__EXERCISE__
Write out exactly, and only, the lines below from the line with "On the other" through the line with "So we have 0, 0, 0"; pictures do not belong in the copy.

__INFORMATION GIVEN__
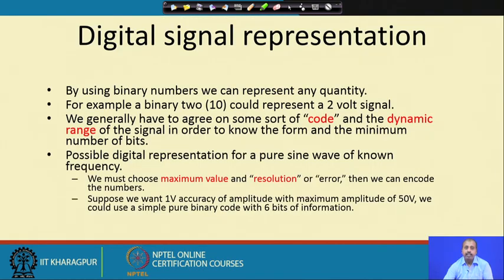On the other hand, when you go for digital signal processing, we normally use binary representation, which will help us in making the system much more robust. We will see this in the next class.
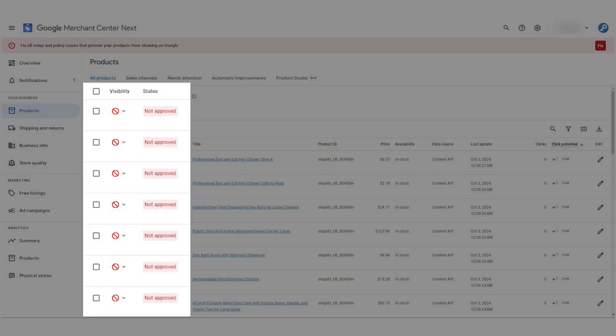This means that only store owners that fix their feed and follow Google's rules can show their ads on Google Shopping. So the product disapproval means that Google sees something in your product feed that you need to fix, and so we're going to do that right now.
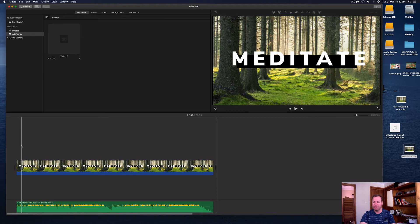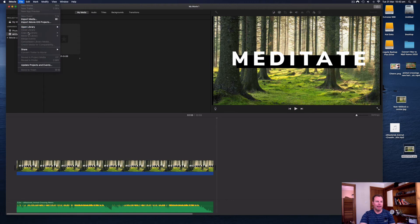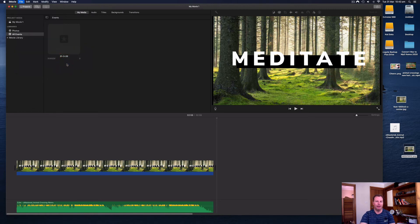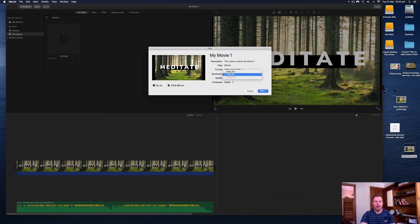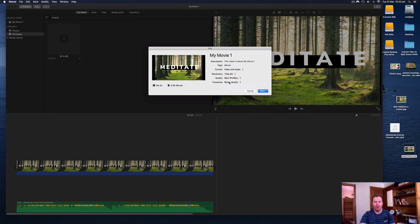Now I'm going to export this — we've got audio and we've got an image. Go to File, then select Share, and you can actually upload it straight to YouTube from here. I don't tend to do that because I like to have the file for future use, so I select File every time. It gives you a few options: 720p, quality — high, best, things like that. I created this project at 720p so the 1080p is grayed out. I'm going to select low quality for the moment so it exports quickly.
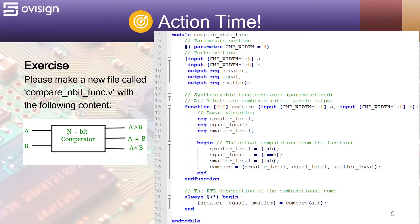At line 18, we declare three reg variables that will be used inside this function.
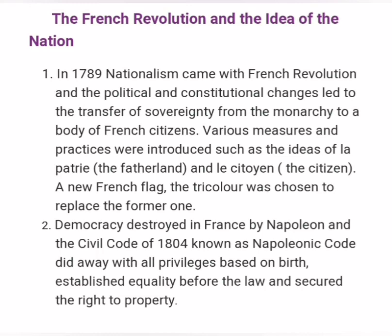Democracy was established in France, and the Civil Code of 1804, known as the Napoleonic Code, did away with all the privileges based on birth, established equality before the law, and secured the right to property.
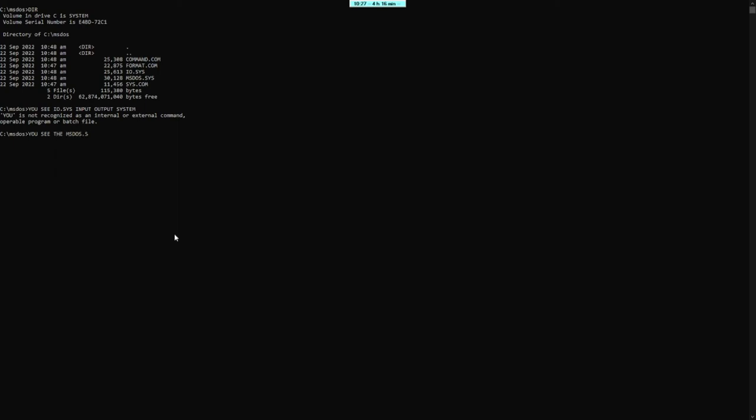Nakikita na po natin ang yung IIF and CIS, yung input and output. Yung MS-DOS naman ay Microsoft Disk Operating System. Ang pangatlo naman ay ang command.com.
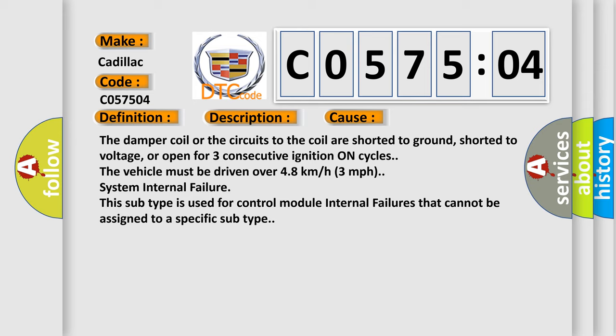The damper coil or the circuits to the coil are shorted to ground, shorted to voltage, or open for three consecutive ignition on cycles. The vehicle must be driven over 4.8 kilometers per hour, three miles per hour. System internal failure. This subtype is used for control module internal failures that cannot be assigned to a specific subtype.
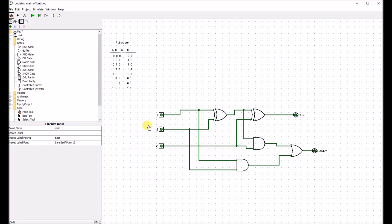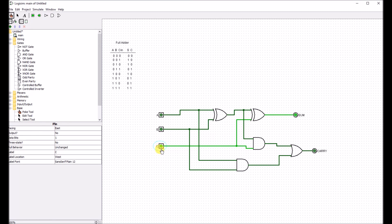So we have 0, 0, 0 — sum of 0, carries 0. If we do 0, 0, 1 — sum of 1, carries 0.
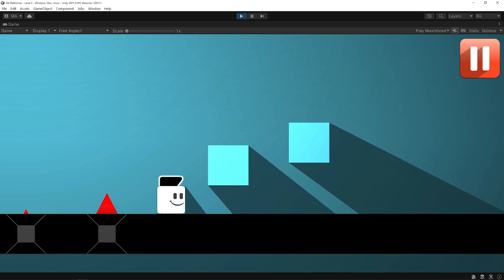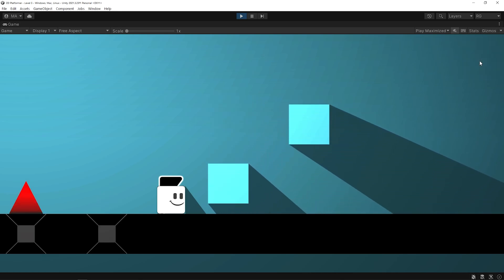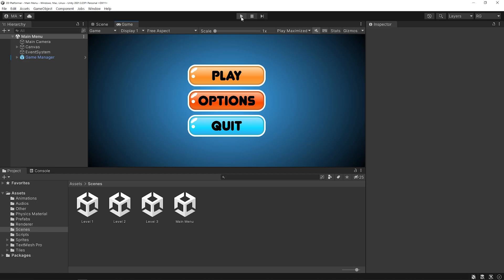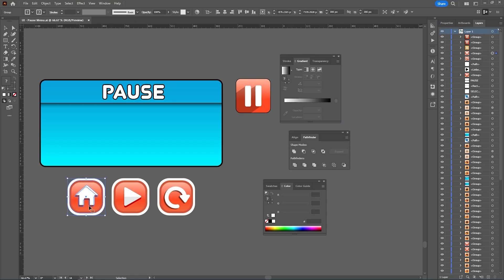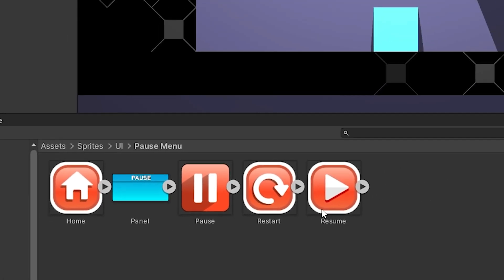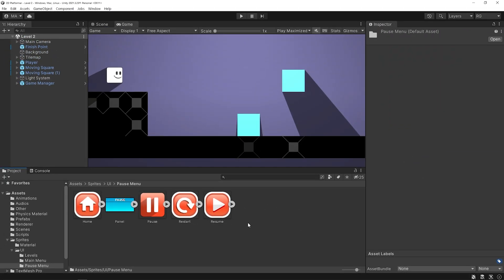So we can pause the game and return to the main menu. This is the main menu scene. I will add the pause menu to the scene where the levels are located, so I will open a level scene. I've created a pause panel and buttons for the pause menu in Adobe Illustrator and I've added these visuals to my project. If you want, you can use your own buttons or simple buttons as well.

==

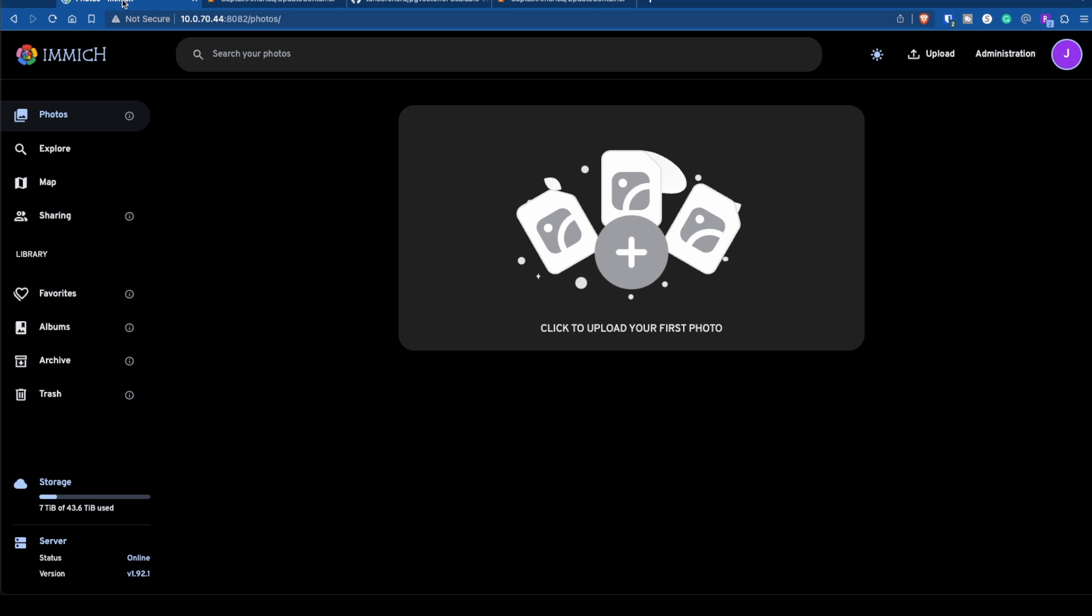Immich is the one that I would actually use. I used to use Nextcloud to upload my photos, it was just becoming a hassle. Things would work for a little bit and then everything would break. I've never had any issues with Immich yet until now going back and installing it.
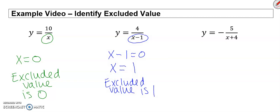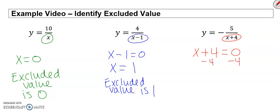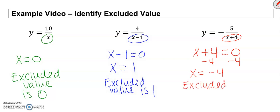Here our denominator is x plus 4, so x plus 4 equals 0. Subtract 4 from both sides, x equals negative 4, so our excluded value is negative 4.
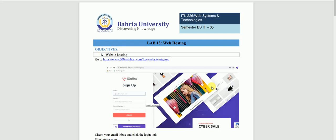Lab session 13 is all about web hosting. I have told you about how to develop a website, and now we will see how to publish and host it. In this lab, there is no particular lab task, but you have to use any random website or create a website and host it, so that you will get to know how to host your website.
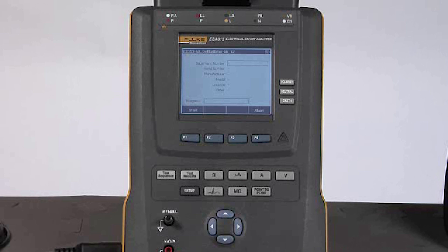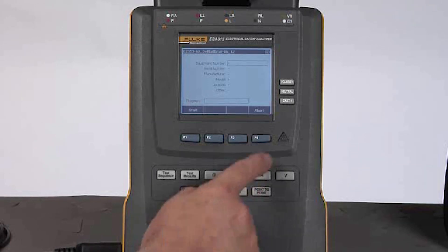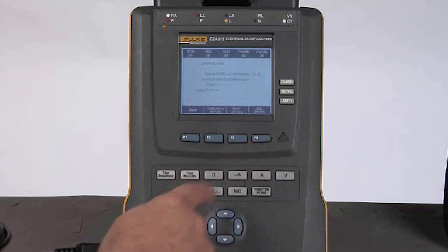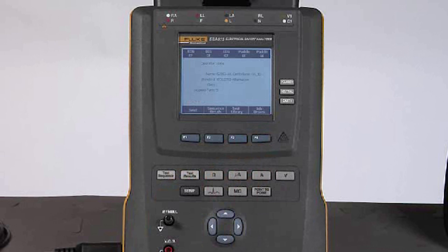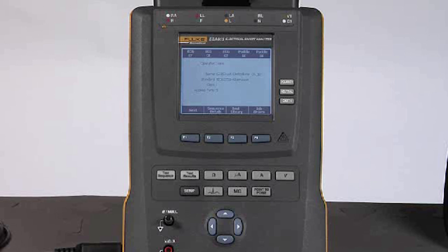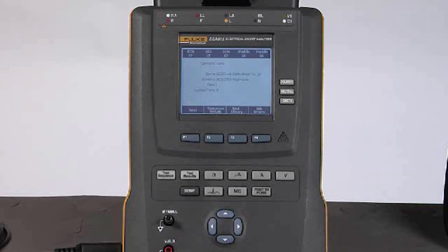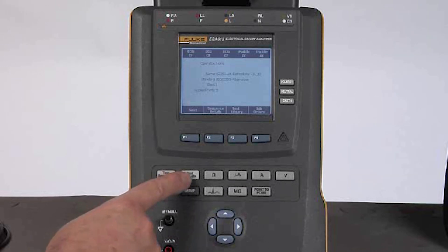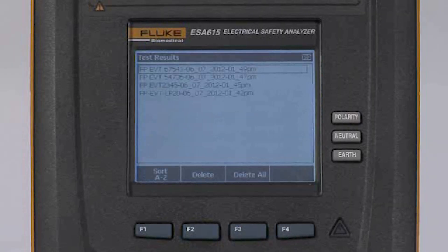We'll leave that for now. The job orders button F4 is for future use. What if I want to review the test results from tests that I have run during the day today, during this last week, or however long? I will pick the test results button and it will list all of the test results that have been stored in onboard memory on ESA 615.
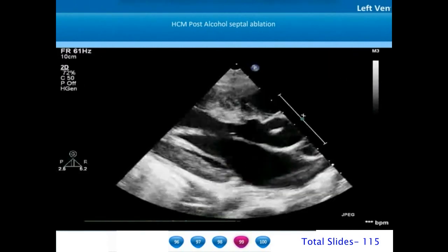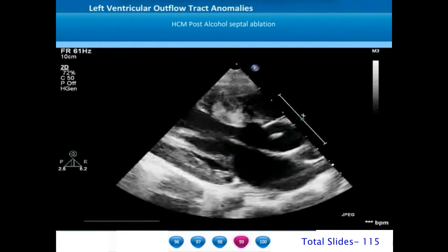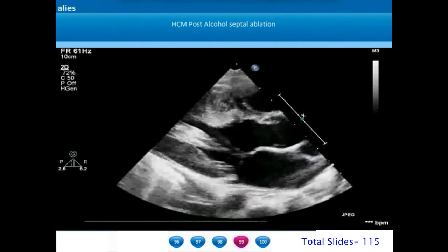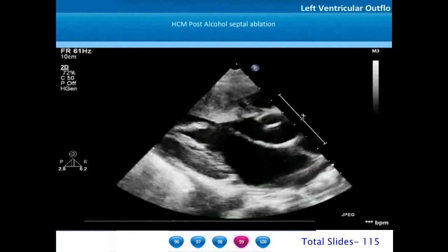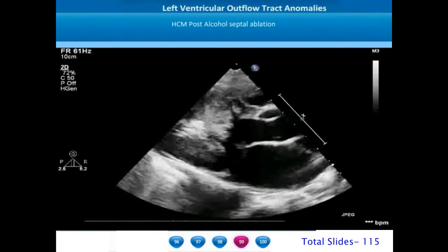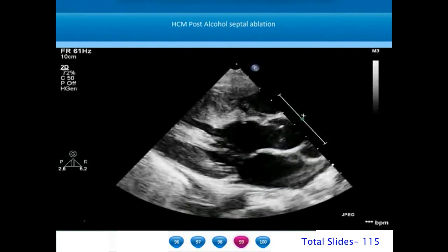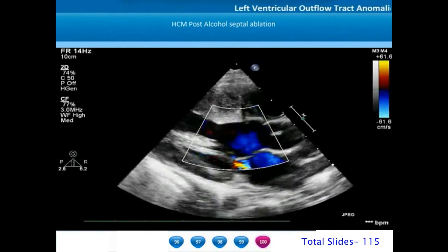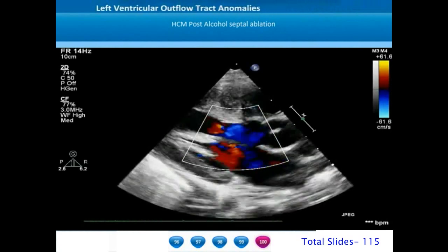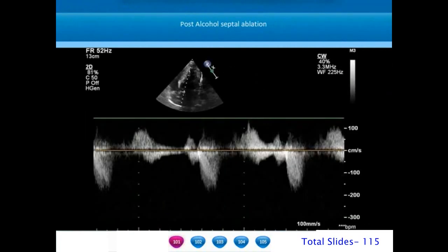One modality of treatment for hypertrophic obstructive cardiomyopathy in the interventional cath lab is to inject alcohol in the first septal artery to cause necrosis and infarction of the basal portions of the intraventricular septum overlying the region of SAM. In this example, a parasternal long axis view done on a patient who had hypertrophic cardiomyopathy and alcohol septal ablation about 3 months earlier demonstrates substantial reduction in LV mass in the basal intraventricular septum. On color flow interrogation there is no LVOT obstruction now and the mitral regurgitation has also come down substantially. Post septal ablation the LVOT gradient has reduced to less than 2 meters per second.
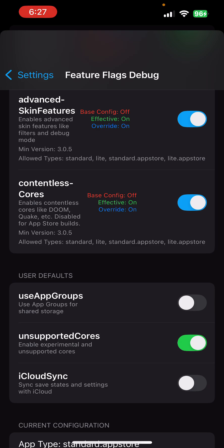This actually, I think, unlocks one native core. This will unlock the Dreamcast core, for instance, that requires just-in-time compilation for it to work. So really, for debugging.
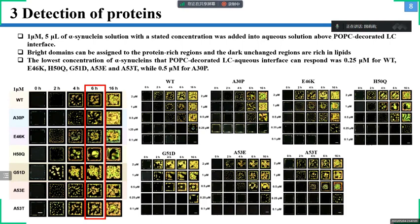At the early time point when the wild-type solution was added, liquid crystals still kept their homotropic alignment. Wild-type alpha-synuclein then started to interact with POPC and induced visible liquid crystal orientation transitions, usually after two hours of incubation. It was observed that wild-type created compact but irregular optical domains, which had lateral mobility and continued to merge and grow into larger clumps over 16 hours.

__TASK SOLUTION__
On the other hand, when you go for digital signal processing, we normally use binary representation, which will help us in making the system much more robust. We will see this in the next class.
This means that only store owners that fix their feed and follow Google's rules can show their ads on Google Shopping. So the product disapproval means that Google sees something in your product feed that you need to fix, and so we're going to do that right now.
Now I'm going to export this — we've got audio and we've got an image. Go to File, then select Share, and you can actually upload it straight to YouTube from here. I don't tend to do that because I like to have the file for future use, so I select File every time. It gives you a few options: 720p, quality — high, best, things like that. I created this project at 720p so the 1080p is grayed out. I'm going to select low quality for the moment so it exports quickly.
At line 18, we declare three reg variables that will be used inside this function.
Democracy was established in France, and the Civil Code of 1804, known as the Napoleonic Code, did away with all the privileges based on birth, established equality before the law, and secured the right to property.
Nakikita na po natin ang yung IIF and CIS, yung input and output. Yung MS-DOS naman ay Microsoft Disk Operating System. Ang pangatlo naman ay ang command.com.
The damper coil or the circuits to the coil are shorted to ground, shorted to voltage, or open for three consecutive ignition on cycles. The vehicle must be driven over 4.8 kilometers per hour, three miles per hour. System internal failure. This subtype is used for control module internal failures that cannot be assigned to a specific subtype.
So we have 0, 0, 0 — sum of 0, carries 0. If we do 0, 0, 1 — sum of 1, carries 0.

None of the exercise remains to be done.